- Education: Paris-Sorbonne University (B.S.) Paris-Saclay University (M.S.) Aix-Marseille University (Ph.D.)
- Awards: CNRS Silver Medal (2010); Fernand Holweck Medal and Prize (2019); Hannes Alfvén Prize (2022);
- Scientific career
- Fields: Plasma physics
- Institutions: CEA Nanyang Technological University
- Thesis: Turbulence et transport anormal dans les plasmas de Tokamak (1988)
- Website: dr.ntu.edu.sg/cris/rp/rp02080

= Xavier Garbet =

Xavier Garbet (b. 1961) is a theoretical plasma physicist and a professor at Nanyang Technological University (NTU). He is currently appointed as the Temasek Chair in Clean Energy, as his professorship was established by a $6 million endowment from Singapore's state investment firm, Temasek Holdings. This appointment aims to support a magnetic confinement fusion research and manpower training program at NTU for clean energy development in Singapore.

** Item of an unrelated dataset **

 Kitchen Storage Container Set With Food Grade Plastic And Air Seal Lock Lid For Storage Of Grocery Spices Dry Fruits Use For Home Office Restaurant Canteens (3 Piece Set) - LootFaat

== Early life and career ==
In 1982, Garbet received a Bachelor's degree in Physics from Paris-Sorbonne University. He then earned a Master's degree in plasma physics from Paris-Saclay University. Subsequently, he earned a PhD degree in theoretical and high-energy physics in 1988 and a Habilitation à diriger des recherches (French habilitation) in 2001 from Aix-Marseille University.

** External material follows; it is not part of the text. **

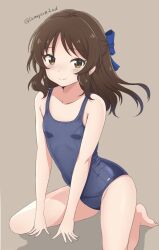 Rule 34 | 1girl, arm support, barefoot, blue bow, blue one-piece swimsuit, blush, bow, brown background, brown eyes, brown hair, collarbone, commentary, flat chest, hair bow, highres, idolmaster, idolmaster cinderella girls, kneeling, long hair, looking at viewer, one-piece swimsuit, school swimsuit, sidelocks, smile, solo, swimsuit, tachibana arisu, tamayan, twitter username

Garbet was hired by the French Alternative Energies and Atomic Energy Commission (CEA) in 1988. He was a visiting scientist at General Atomics from 1994 to 1995 and led a plasma transport modelling task force at the Joint European Torus from 2001 to 2004. In 2008, he became a research director at CEA. In 2022, he joined NTU as a professor of theoretical and computational plasma physics and was appointed as the Temasek Chair in Clean Energy.

== Honours and awards ==
Garbet was awarded the CNRS Silver Medal by the French National Centre for Scientific Research for his work on plasma confinement fusion in 2010.

In 2019, he was awarded the Fernand Holweck Medal and Prize by the Société Française de Physique.

In 2022, Garbet was awarded the Hannes Alfvén Prize for his theoretical contributions to the dynamics of magnetically confined fusion plasmas.